German media rights firm Constantin Medien claims that Bernie Ecclestone and his Bambino family trust conspired with German banker Gerhard Gribkowsky to undervalue the sport when it was bought by current owner, the private equity firm CVC for £1.2bn ($2bn) in 2005. Given that the case concerns events which took place more than five years ago it is little surprise that much of the news which has come out of the trial has had little relevance to the world we live in today. One big exception is revealed in an article in today's Independent written by Pitpass' business editor Christian Sylt.
Last week saw the final factual witness in the trial.

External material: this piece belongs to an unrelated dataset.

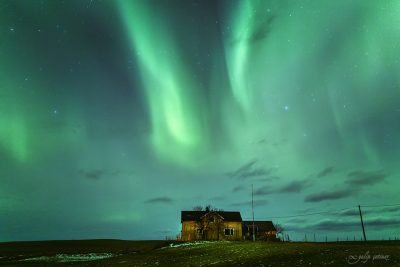 northern lights over the old house in lofoten, norway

These are people who had a direct involvement with the events in the trial compared to expert witnesses, who are simply specialists in the subject under discussion (which, in this case is company valuation).
The last factual witness was Donald Mackenzie, the co-founder and co-chairman of CVC, and his testimony generated a lot of column inches. Most of them focussed on two issues which are typified by the following headlines: 'Court case put a brake on F1 float' and 'CVC would fire F1 boss Ecclestone if found guilty'. It's easy to see why these kind of subjects caught the attention of journalists who don't specialise in writing about the business of F1. They are easy to understand and make for nice headlines although, of course, there is nothing new about them whatsoever.
In May this year Ecclestone himself told Bloomberg that the lawsuits put a brake on the F1 float and said "it would be silly to go into the market, you don't want any single question" hanging over the sport. Likewise, at the end of last year Ecclestone told Sylt that if he is found guilty of paying a bribe CVC "will probably be forced to get rid of me."
Having seen the insipid headlines which were generated by Mackenzie's evidence in court Sylt decided to go through the transcript of the testimony with a fine tooth comb. As he specialises in writing about the business of F1 he wasn't looking for news which would look eye-catching on the sports pages but deeper issues underpinning the industry. He soon found something which ticked both boxes and it is hard to imagine how those journalists sitting in court managed to miss it.
Alarm bells should have started ringing when Mackenzie said that the Royal Bank of Scotland (RBS) and Lehman Brothers were "extremely careless" to lend £1.6bn ($2.7bn) to F1 in 2006. In itself it is surprising that Mackenzie made such a critical comment about the banks as they had lent a great deal of money to a company which he had bought. However, he didn't stop there and what followed was even more remarkable.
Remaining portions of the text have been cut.